In the long-run, MSAs would drive low-deductible policies out of the market. If premiums for health insurance with low deductibles (e.g., $250) increased between 60 percent and 300 percent (as predicted), these policies will be unaffordable for many. It is only a matter of time before insurers would decide to leave the traditional market in order to market high-deductible only policies. This means less choice of policies for families.
Families with a child with a chronic illness will face sizeable out-of-pocket costs if they have an MSA plan. Consider the case of a child with a serious disability such as cerebral palsy. While the average annual health care cost for an infant (under 1 year old) receiving Medicaid was $2,284 (in 1992), the average annual health care cost for a disabled child of this age was $16,227, seven times as much.3 If health care costs for a disabled child (who is not eligible for Medicaid) were $16,227, then this child's family would face sizeable out-of-pocket costs if they have a high-deductible health insurance policy: The deductible could be $2,000; coinsurance (at 20 percent) after meeting the deductible could be $2,845. The family's total out-of-pocket health care costs for this child (alone) would be $4,485. It is extremely unlikely that this family would have any balance in an MSA, since the baby is so young.

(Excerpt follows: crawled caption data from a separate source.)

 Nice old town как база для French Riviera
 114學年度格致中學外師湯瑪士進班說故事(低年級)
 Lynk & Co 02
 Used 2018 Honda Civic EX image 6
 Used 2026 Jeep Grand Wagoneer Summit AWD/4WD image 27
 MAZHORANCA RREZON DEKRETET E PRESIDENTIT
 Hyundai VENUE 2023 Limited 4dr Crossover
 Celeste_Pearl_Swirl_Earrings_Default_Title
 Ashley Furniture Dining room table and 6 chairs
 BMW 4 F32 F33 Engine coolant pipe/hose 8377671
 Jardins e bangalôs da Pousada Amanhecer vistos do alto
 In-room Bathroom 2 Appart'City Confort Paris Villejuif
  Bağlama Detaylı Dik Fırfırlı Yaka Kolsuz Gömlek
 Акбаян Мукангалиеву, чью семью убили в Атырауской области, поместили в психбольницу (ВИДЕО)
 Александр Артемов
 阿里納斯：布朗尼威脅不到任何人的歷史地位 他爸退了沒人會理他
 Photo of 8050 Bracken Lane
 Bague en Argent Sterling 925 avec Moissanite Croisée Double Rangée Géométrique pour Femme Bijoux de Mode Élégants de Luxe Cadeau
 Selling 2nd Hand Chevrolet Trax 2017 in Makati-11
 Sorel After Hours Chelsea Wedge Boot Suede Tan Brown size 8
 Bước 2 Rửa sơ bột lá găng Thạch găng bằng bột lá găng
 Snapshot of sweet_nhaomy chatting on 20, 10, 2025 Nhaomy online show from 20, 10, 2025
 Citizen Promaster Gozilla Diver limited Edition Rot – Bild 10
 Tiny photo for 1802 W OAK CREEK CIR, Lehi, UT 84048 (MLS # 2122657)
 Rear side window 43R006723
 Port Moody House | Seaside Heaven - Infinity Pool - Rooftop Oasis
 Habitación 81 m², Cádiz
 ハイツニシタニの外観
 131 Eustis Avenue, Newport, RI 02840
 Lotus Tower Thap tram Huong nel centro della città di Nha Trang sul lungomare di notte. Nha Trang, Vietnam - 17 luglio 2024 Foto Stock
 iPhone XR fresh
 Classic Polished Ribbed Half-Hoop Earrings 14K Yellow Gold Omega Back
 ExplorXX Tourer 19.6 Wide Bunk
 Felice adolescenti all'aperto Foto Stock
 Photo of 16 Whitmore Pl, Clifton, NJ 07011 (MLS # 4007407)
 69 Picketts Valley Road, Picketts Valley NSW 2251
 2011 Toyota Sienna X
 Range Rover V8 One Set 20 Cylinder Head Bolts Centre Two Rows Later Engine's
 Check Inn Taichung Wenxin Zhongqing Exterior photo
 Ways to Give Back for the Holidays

Children's MSA accounts are likely to be empty. The 1996 Kassebaum-Kennedy health bill did not require employers to put money into employees' MSAs. Since children don't have employers, it is even less likely that there would be any funding for MSAs outside the family. This is the case especially since fewer employers are providing health insurance coverage for employees' dependents, with the percent of children covered by their parents' employer-based plans decreasing from 67 percent in 1987 to 59 percent in 1995. Since most uninsured children live in families with modest incomes, it is very unlikely that their families could contribute money to a savings account for health care. Even if they could, they would find that tax benefits would be modest because of their low tax bracket.
Many children will not get preventive care. MSAs for children are likely to be packaged with health insurance policies with high deductibles of $1,500 to $4,500. Even if the health insurance policies covered preventive benefits, insurance will actually pay the preventive care costs for a small percent of children, since few have costs high enough to meet the deductible. Families with unfunded MSAs will have to pay the full cost of preventive care (e.g., check-ups and immunizations) out-of-pocket. Many will be unable to afford to do this.
2 - See, for example, "Medical Savings Accounts -- Cost Implications and Design Issues," American Academy of Actuaries, Washington DC, May 1995, p. 6; and Len M. Nichols, Marilyn Moon, & Susan Wall, "Tax-Preferred Medical Savings Accounts and Catastrophic Health Insurance Plans: A Numerical Analysis of Winners and Losers," The Urban Institute, Washington DC, April 1996, p. 12.
3 - Marsha Regenstein and Jack A. Meyer, "Low Income Children with Disabilities: How Will They Fare Under Health Care Reform?" The Economic and Social Research Institute, National Academy for State Health Policy, August 1994.